## TASK STATEMENT
After locating the line containing "a view of room with a ceiling fan and window", transcribe that line and all following lines exactly, stopping only at the end of the records.

━━━ WORKING DATA

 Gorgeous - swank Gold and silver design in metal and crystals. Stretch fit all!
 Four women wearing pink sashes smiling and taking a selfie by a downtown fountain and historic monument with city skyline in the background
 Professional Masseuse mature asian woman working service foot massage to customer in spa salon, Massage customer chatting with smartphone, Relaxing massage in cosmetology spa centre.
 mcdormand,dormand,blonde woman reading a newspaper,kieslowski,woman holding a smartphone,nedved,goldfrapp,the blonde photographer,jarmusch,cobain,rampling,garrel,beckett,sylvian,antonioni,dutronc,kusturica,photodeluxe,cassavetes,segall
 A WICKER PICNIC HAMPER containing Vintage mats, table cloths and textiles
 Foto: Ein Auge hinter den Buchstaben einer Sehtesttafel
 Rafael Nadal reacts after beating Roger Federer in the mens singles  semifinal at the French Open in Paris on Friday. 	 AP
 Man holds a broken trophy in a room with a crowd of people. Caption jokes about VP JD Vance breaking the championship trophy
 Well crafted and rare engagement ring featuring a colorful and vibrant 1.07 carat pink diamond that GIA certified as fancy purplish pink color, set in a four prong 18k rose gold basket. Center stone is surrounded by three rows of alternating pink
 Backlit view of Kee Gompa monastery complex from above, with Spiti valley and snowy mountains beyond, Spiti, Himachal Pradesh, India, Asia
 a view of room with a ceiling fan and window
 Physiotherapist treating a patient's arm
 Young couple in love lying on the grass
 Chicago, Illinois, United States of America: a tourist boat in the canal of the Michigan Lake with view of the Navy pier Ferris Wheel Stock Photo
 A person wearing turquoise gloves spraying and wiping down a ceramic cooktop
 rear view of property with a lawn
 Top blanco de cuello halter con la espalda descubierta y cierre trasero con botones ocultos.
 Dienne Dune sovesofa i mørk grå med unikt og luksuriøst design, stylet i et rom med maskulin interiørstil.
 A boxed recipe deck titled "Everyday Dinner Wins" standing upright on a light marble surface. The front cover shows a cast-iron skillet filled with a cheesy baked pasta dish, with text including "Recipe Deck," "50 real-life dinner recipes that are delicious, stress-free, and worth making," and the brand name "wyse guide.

━━━━━━

## RESULT OF THE EXERCISE
 a view of room with a ceiling fan and window
 Physiotherapist treating a patient's arm
 Young couple in love lying on the grass
 Chicago, Illinois, United States of America: a tourist boat in the canal of the Michigan Lake with view of the Navy pier Ferris Wheel Stock Photo
 A person wearing turquoise gloves spraying and wiping down a ceramic cooktop
 rear view of property with a lawn
 Top blanco de cuello halter con la espalda descubierta y cierre trasero con botones ocultos.
 Dienne Dune sovesofa i mørk grå med unikt og luksuriøst design, stylet i et rom med maskulin interiørstil.
 A boxed recipe deck titled "Everyday Dinner Wins" standing upright on a light marble surface. The front cover shows a cast-iron skillet filled with a cheesy baked pasta dish, with text including "Recipe Deck," "50 real-life dinner recipes that are delicious, stress-free, and worth making," and the brand name "wyse guide.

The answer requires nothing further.